Hacker News

an hour ago by imedadel

Facebook's focus on unsupervised machine learning is a huge plus for under-resourced languages. They had a similar article for unsupervised machine translation[1] before, and I can see how it'll open doors for many African languages.

[1] https://engineering.fb.com/2018/08/31/ai-research/unsupervis...

an hour ago by savant_penguin

Not only that but it's also great for the English models as well. Many models are trained using the libre speech dataset with 960h of labeled audio.

What if you trained with 960000 hours instead??

2 hours ago by axiosgunnar

Hilarious how the Arabic „hello“ in that picture is completely mangled since they screwed up ltr rendering

(basically instead of hello it says „o l l e h“)

2 hours ago by sirfz

In the title image, the Arabic word "ahlan" (welcome) is spelled correctly but left to right instead of right to left (should look like this: أهلا)

32 minutes ago by callamdelaney

Hopefully they license it to Tesla so that my car stops misinterpreting 'call Jodie' as 'cool jodi'.

5 hours ago by yboris

Quick summary via a Tweet: https://twitter.com/nasim_rahaman/status/1395812572037795847

2 hours ago by Causality1

Will Facebook license this tech out?

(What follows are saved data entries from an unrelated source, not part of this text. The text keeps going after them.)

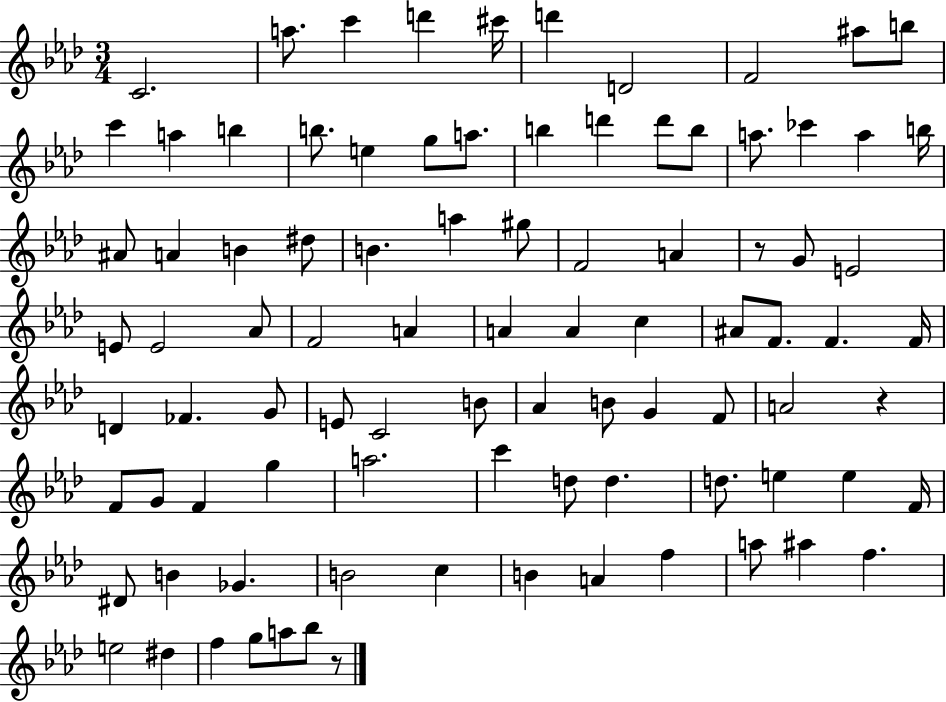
{
  \clef treble
  \numericTimeSignature
  \time 3/4
  \key aes \major
  c'2. | a''8. c'''4 d'''4 cis'''16 | d'''4 d'2 | f'2 ais''8 b''8 | \break c'''4 a''4 b''4 | b''8. e''4 g''8 a''8. | b''4 d'''4 d'''8 b''8 | a''8. ces'''4 a''4 b''16 | \break ais'8 a'4 b'4 dis''8 | b'4. a''4 gis''8 | f'2 a'4 | r8 g'8 e'2 | \break e'8 e'2 aes'8 | f'2 a'4 | a'4 a'4 c''4 | ais'8 f'8. f'4. f'16 | \break d'4 fes'4. g'8 | e'8 c'2 b'8 | aes'4 b'8 g'4 f'8 | a'2 r4 | \break f'8 g'8 f'4 g''4 | a''2. | c'''4 d''8 d''4. | d''8. e''4 e''4 f'16 | \break dis'8 b'4 ges'4. | b'2 c''4 | b'4 a'4 f''4 | a''8 ais''4 f''4. | \break e''2 dis''4 | f''4 g''8 a''8 bes''8 r8 | \bar "|."
} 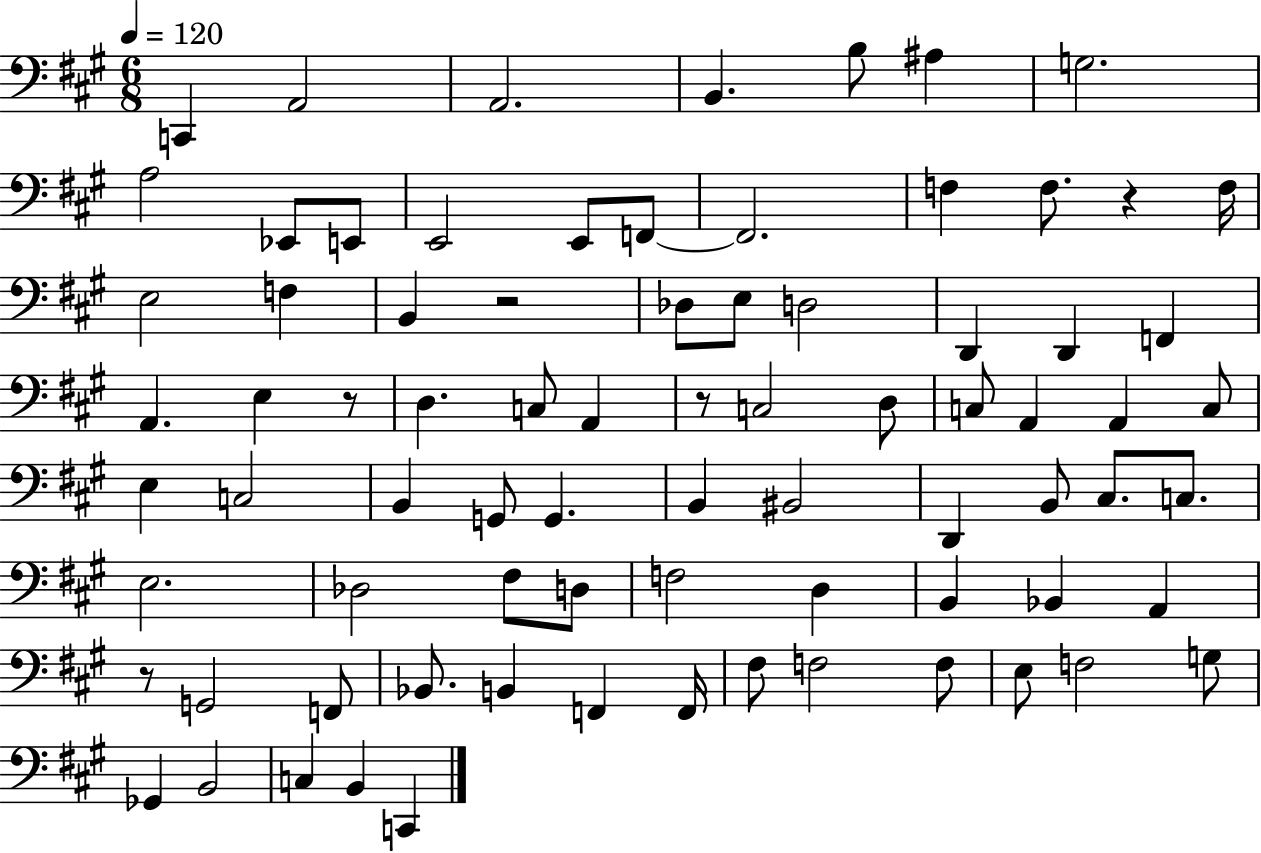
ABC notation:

X:1
T:Untitled
M:6/8
L:1/4
K:A
C,, A,,2 A,,2 B,, B,/2 ^A, G,2 A,2 _E,,/2 E,,/2 E,,2 E,,/2 F,,/2 F,,2 F, F,/2 z F,/4 E,2 F, B,, z2 _D,/2 E,/2 D,2 D,, D,, F,, A,, E, z/2 D, C,/2 A,, z/2 C,2 D,/2 C,/2 A,, A,, C,/2 E, C,2 B,, G,,/2 G,, B,, ^B,,2 D,, B,,/2 ^C,/2 C,/2 E,2 _D,2 ^F,/2 D,/2 F,2 D, B,, _B,, A,, z/2 G,,2 F,,/2 _B,,/2 B,, F,, F,,/4 ^F,/2 F,2 F,/2 E,/2 F,2 G,/2 _G,, B,,2 C, B,, C,, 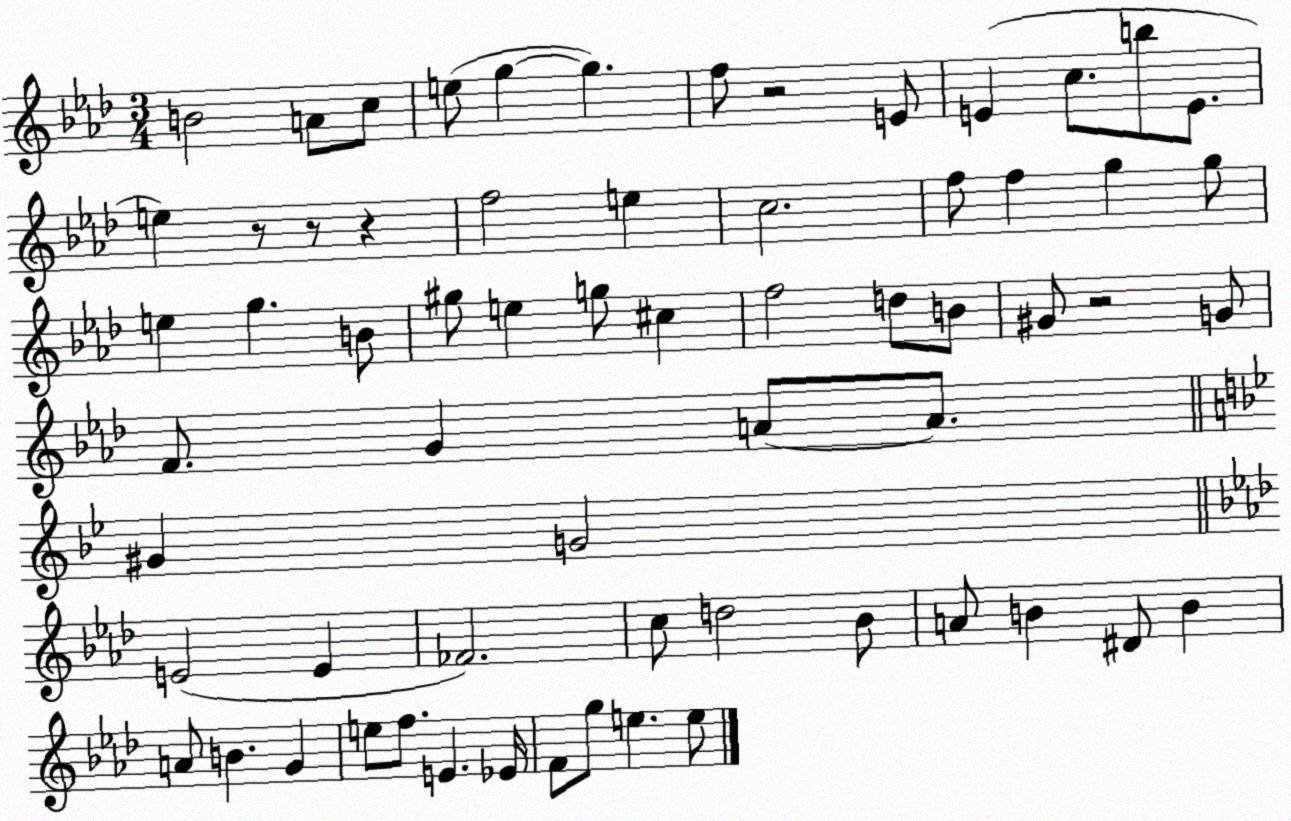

I can't be the only one who's noticed Google's speech recognition has gotten significantly less accurate the last couple of years, probably the result of some cost-cutting strategy.

an hour ago by simonw

They have an open source repo linked from the article here: https://github.com/pytorch/fairseq/tree/master/examples/wav2...

an hour ago by m463

I wonder if it's less accurate for specific people, but more accurate generally. In other words speech recognition was more accurate in the beginning on english-speaking men, and maybe now it's better for women, kids, people with accents, other languages, etc...

They train this on examples of speaking and maybe it's more broad now.

Daily digest email

Get a daily email with the the top stories from Hacker News. No spam, unsubscribe at any time.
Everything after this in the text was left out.